The Manifesto also includes a foreword by Aiken. In it, she discusses the psychological aspects of security, from usage patterns and user complacency, to analysing the societal origins and motivations of both coordinated and individual attacks.

As it happens, Aiken also serves as advisor on the show ‘CSI: Cyber’ so she naturally suggests anyone implementing security to: “Think like behavioural profilers and consider means, motive, and opportunity.” Essentially, security means developing cyber behavioural insights.

Going further, and in order to reach some kind of globally accepted rules, Aiken is working on a ‘constitution for cyberspace’ that even starts with: ‘We the people’ that focuses on the common good.

The psychology and business realities of security
Aikens' and Segars’ goals may seem lofty because, well, they are lofty. That makes them attractive at a high level, but for designers on the ground, management is still pushing deadlines and wants a product shipped, before they get beaten to market. This puts pressure on developers to de‑emphasise security and testing: ship now, test in the field, and update over the air. Maybe.

While developers are obliged to push back, and often are successful, in doing so, just as often, their product ships with a possible vulnerability, or two as the market pressure increases. However, armed with the Security Manifesto, developers may have some more impetus to push back, and have more weight when they do.

Still, a Manifesto is not a law, and while UL 2900 and The IoT Security Foundation and other organisations are working on something with more teeth to assure consumers of some level of security, that’s not an easy task. As Segars said in his keynote, security is a moving target and the industry needs to be flexible and anticipatory.
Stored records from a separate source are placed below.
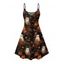 Robe d'Halloween à imprimé fantôme et citrouille, mini-robe à bretelles spaghetti - Noir S | US 4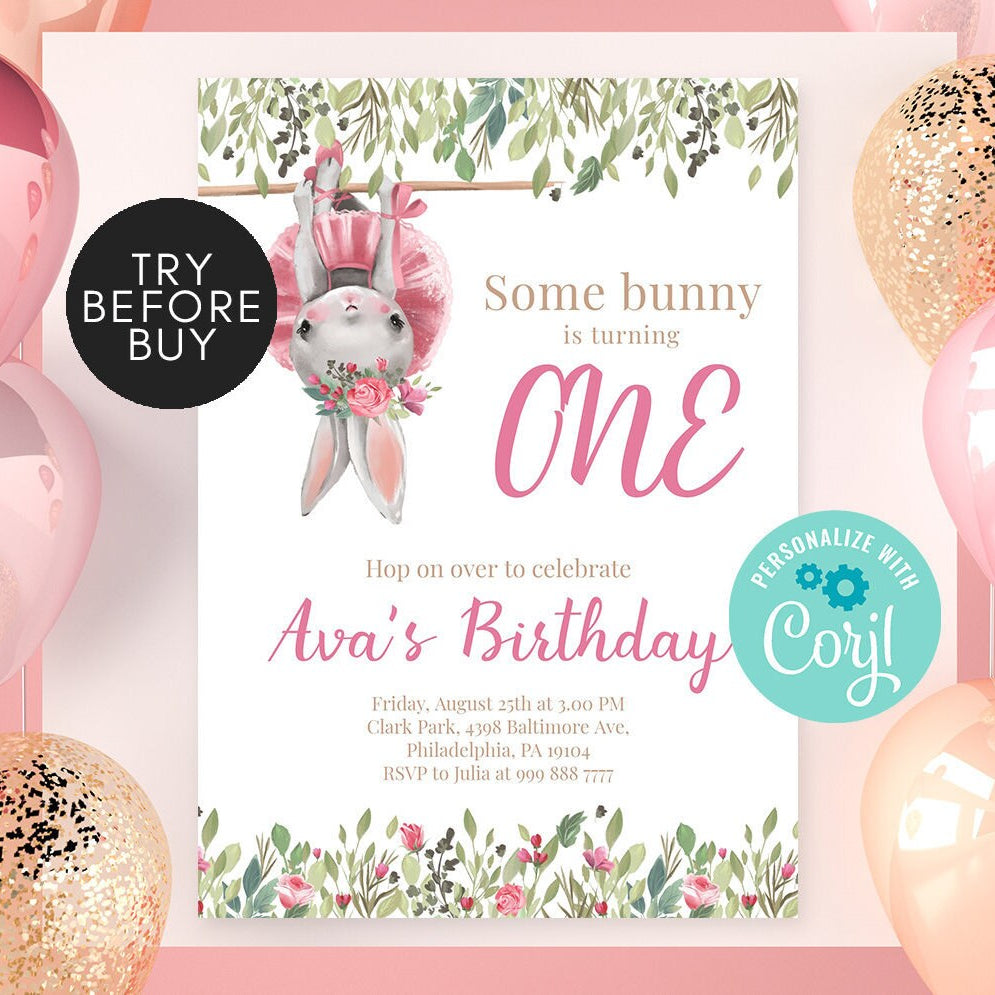Bunny Birthday Invitation Template, EDITABLE Bunny 1st Birthday Invite, Pink Girl Bunny Invitations, Spring Floral, Instant download DIY
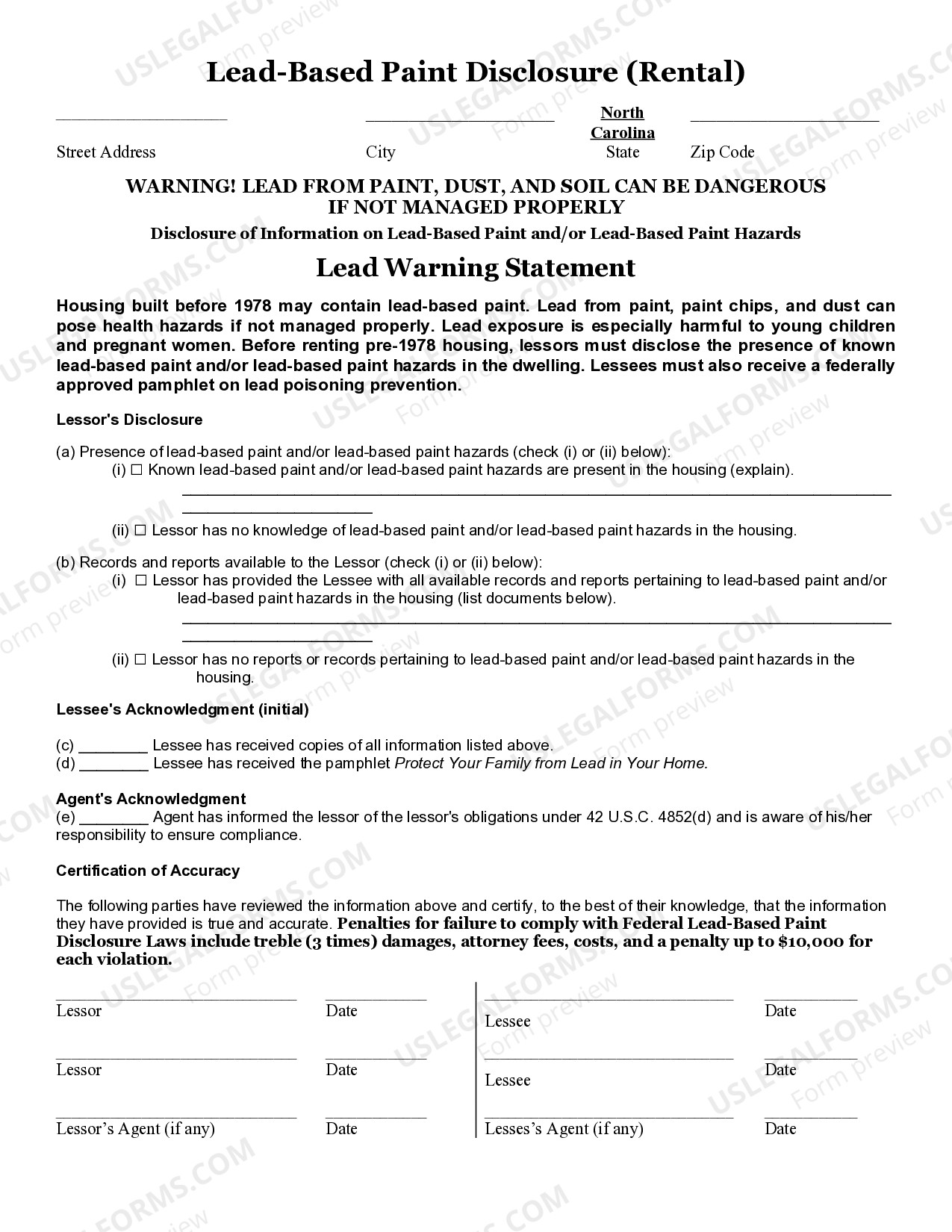 High Point North Carolina Lead Based Paint Disclosure for Rental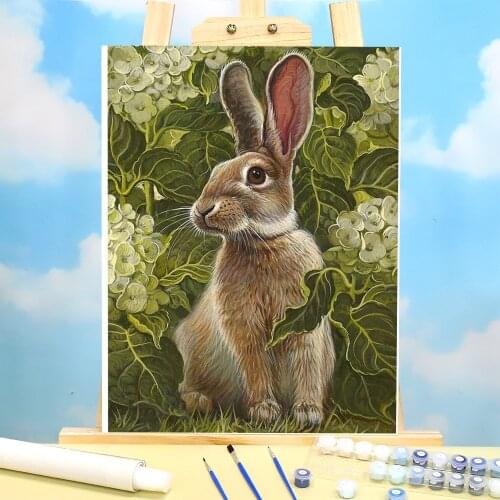 Animal Rabbit DIY Painting By Numbers Complete Kit Oil Paints 40*50 Canvas Pictures New Design For Adults Handicraft Art
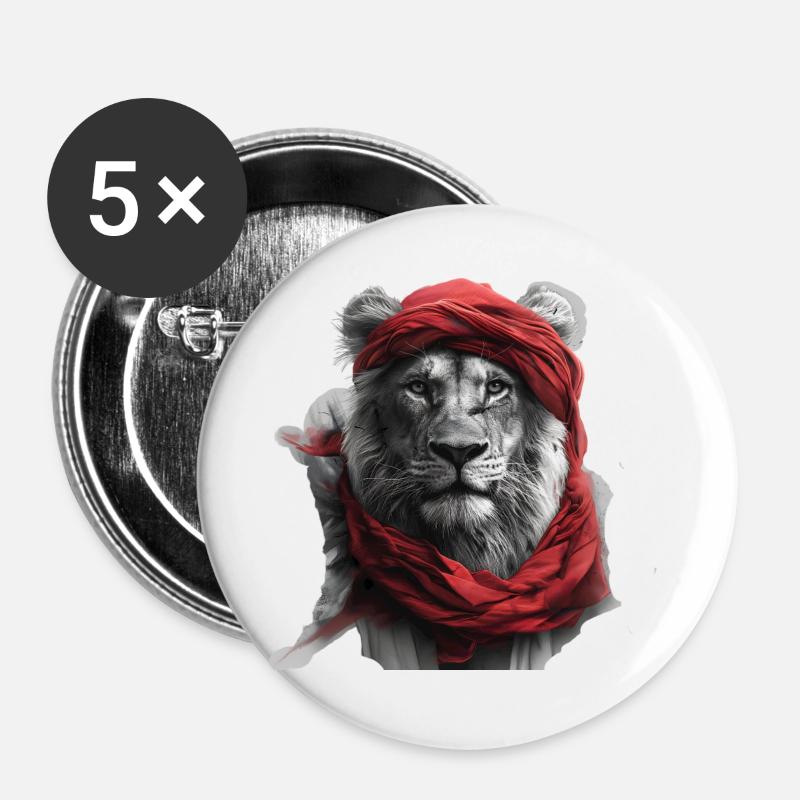 Desert King - Buttons groß 56 mm (5er Pack) - Weiß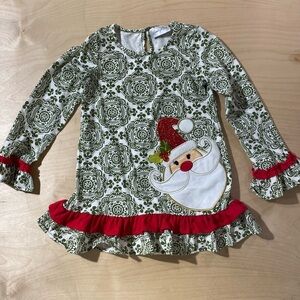 Emily Rose Green and White Patterned Dress Girl (8) (ND)
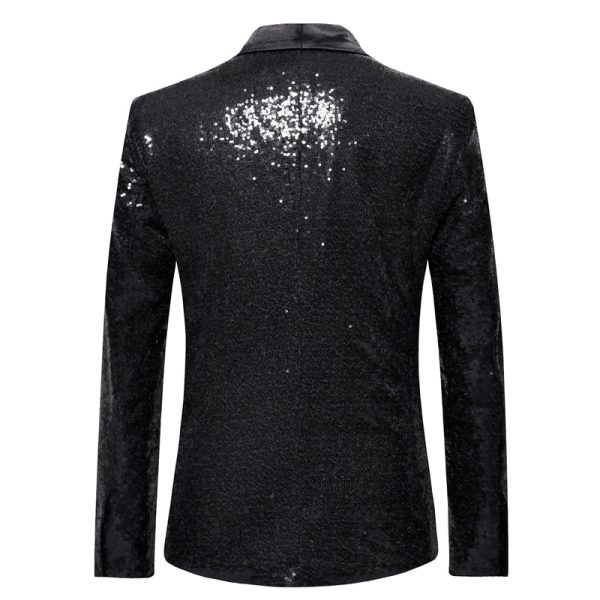 Black Sequin One Button Shawl Collar Suit Jacket Men Bling Glitter Nightclub Prom DJ Blazer Jacket Men Stage Clothes for Singers - Image 3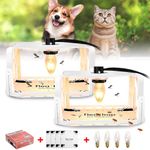 DAJILI 2 Pack Flea Trap for Home, Flea Lamp Traps for Home, Odorless Flea Killer, Non Toxic Flea Light Trap with 4 Light Bulbs, Flea Trap Sticky Pads Flea Treatment for Home Bedding Carpets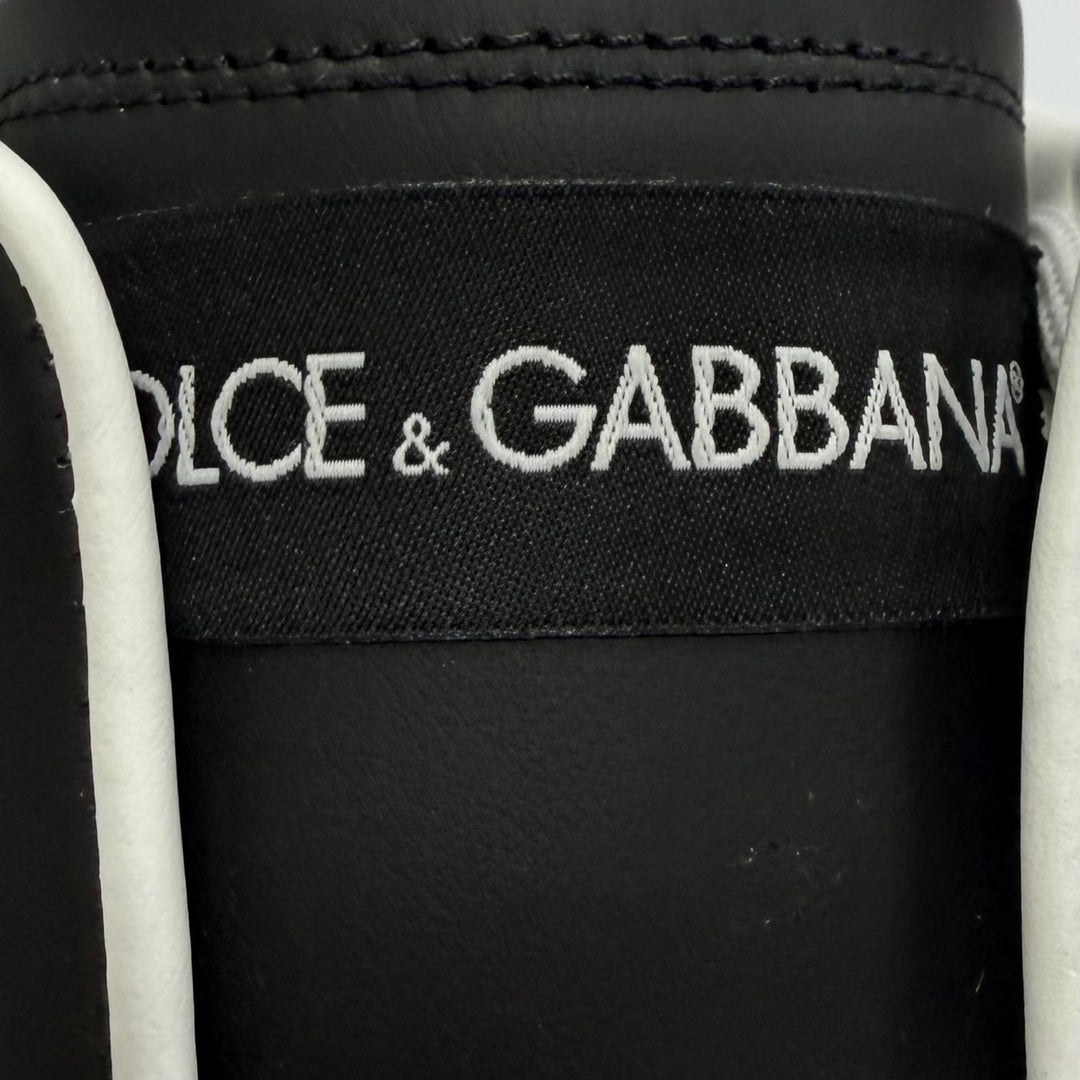 未使用品▼DOLCE&amp;GABBANA ドルチェ＆ガッバーナ レザー レースアップ ローカットスニーカー ブラック シルバー 6 イタリア製 メンズ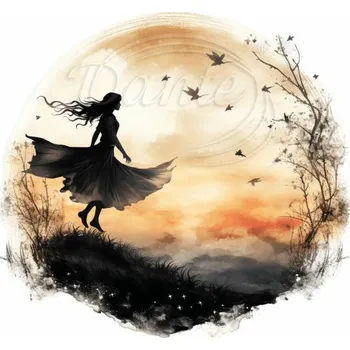 Textilní nažehlovací páska Dante Nažehlovačka Čarodějka v přírodě oranžová - 6 x 5,5 cm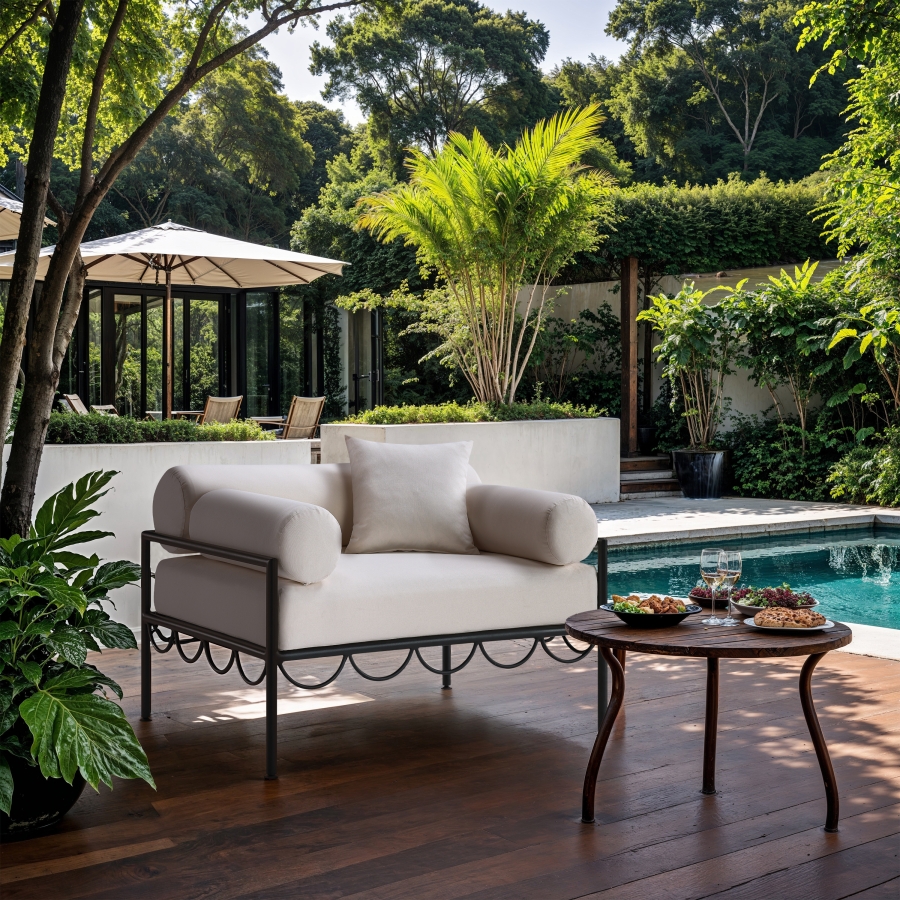 Portofino Resilient Water Repellent Fabric Upholstered Outdoor Patio Chair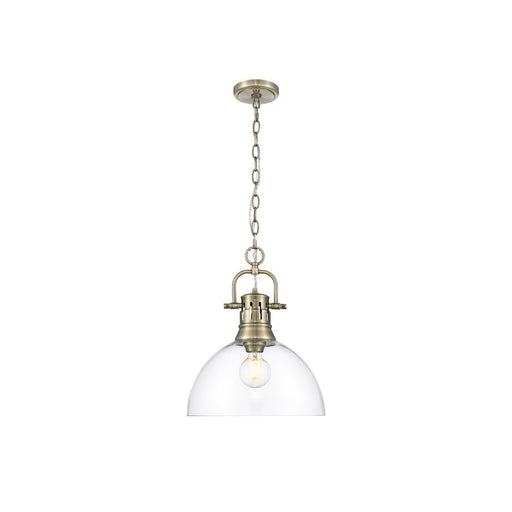 Golden Lighting Duncan Large 1-Light Chain Pendant, Brass/Clear - 3602-LAB-CLR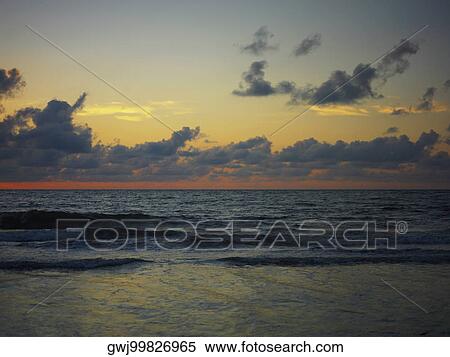 Stock Photography - Panoramic view of the sea at dusk, Cartagena, Colombia. Fotosearch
Practical solutions are available
That said, there is still only so much a single chip, board, subsystem or product designer can do: often it a vulnerability by a third party that compromises the security of the whole network. Developers can’t control that, but what they can control is their own design envelope.

To provide hands‑on assistance to designers under the gun, Arm, Ericsson and u‑blox collaborated on a concept that can integrate and secure IoT devices from any ecosystem to help scale secure products on a ‘massive’ scale.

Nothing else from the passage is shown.